This week the U.S. Labor Education in the Americas Project (USLEAP) released a report criticizing the
Colombian government’s handling of murder investigations of trade union officials. The report focused on how Colombian prosecutors and judiciary routinely assign improper motives in murder investigations of hundreds of trade union victims. This is important in influencing the ongoing debate about the pending U.S. Colombia Free Trade Agreement now languishing in Congress.
As I have discussed in previous posts on this subject, opponents of the Colombia FTA believe that Colombia should not be granted free trade status until its government controls both the killing of trade unionists and establish a system of justice where murderers are brought to justice.

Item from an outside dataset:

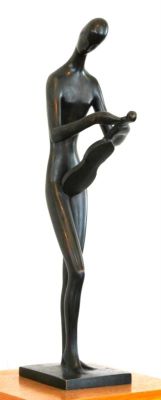sculptură - Fekete (Negrulea), Iosif; Armonie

When prosecutors and the courts characterize the murder of a trade unionist as a crime of passion or a random act of violence, it diverts attention away from the very real process of destroying workers rights in that country.
Unionization in Colombia hovers around 1.5%, an astoundingly low numbers, even by U.S. standards. This is due, in large part, to a systematic process of extreme anti-union behavior by business, the government and the government’s proxy, the paramilitaries.

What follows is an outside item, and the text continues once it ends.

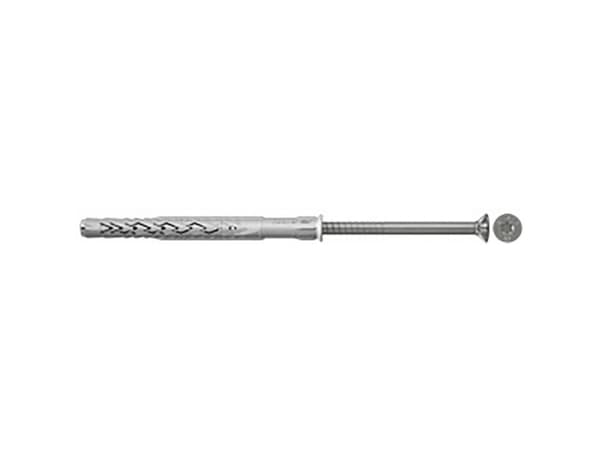 Fischer 522713 SXRL 10x160 T A4 Langskaftet rawplug 160 mm 10 mm 50 stk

The Center for Trade Policy Studies, an arm of the conservative Cato Institute, summarizes the debate well, though from a skewed perspective. In their report, A U.S.-Colombia Free Trade Agreement: Strengthening Democracy and Progress in Latin America, authors Daniel Griswold and Juan Carlos Hidalgo note:
Because U.S. tariffs are already low to non-existent on the large majority of imports from Colombia, the agreement should not arouse the opposition of domestic special interests. More than half of our $9.3 billion in imports from Colombia in 2006 were petroleum and coal. Another sixth of our imports from Colombia are agricultural products, with coffee beans and cut flowers dominating the trade. Apparel and shoes made up about 6 percent of our imports, amounting to less than half a billion dollars.
So then, why should American businesses even care if we have a free trade agreement in place?

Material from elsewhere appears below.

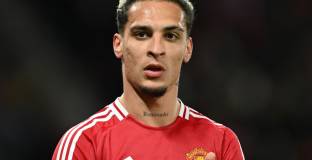 Ман Юнайтед оценява Антони на 40 млн.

I believe that there are several reasons. First, this agreement is a token of sorts to the Colombian government linked to the ongoing drug war in that country, which the U.S. government has pumped billions to support. In addition, Colombia is an important ally in the region where we have few friends.
Like U.S. policy elsewhere, the Bush Administration finds itself in bed with governments with poor governance practices – inadequate rule of law, corruption, and systematic violence against its people – but have no alternatives in terms of regional relationships. We see this situation repeated around the world throughout our recent history of foreign relations.
In addition, allowing the import of goods from Colombia in effect sanctions an extreme form of anti-union activity. The conditions for workers seeking to better themselves through collective bargaining are destroyed through hostile and corrupt legal processes combined with direct violence. America’s own intellectual paramilitaries, the Cato Institute and the U.S. Chamber of Commerce among this group, see the direct benefit in allowing this sort of hostility to occur. What’s good for Colombia is good for America.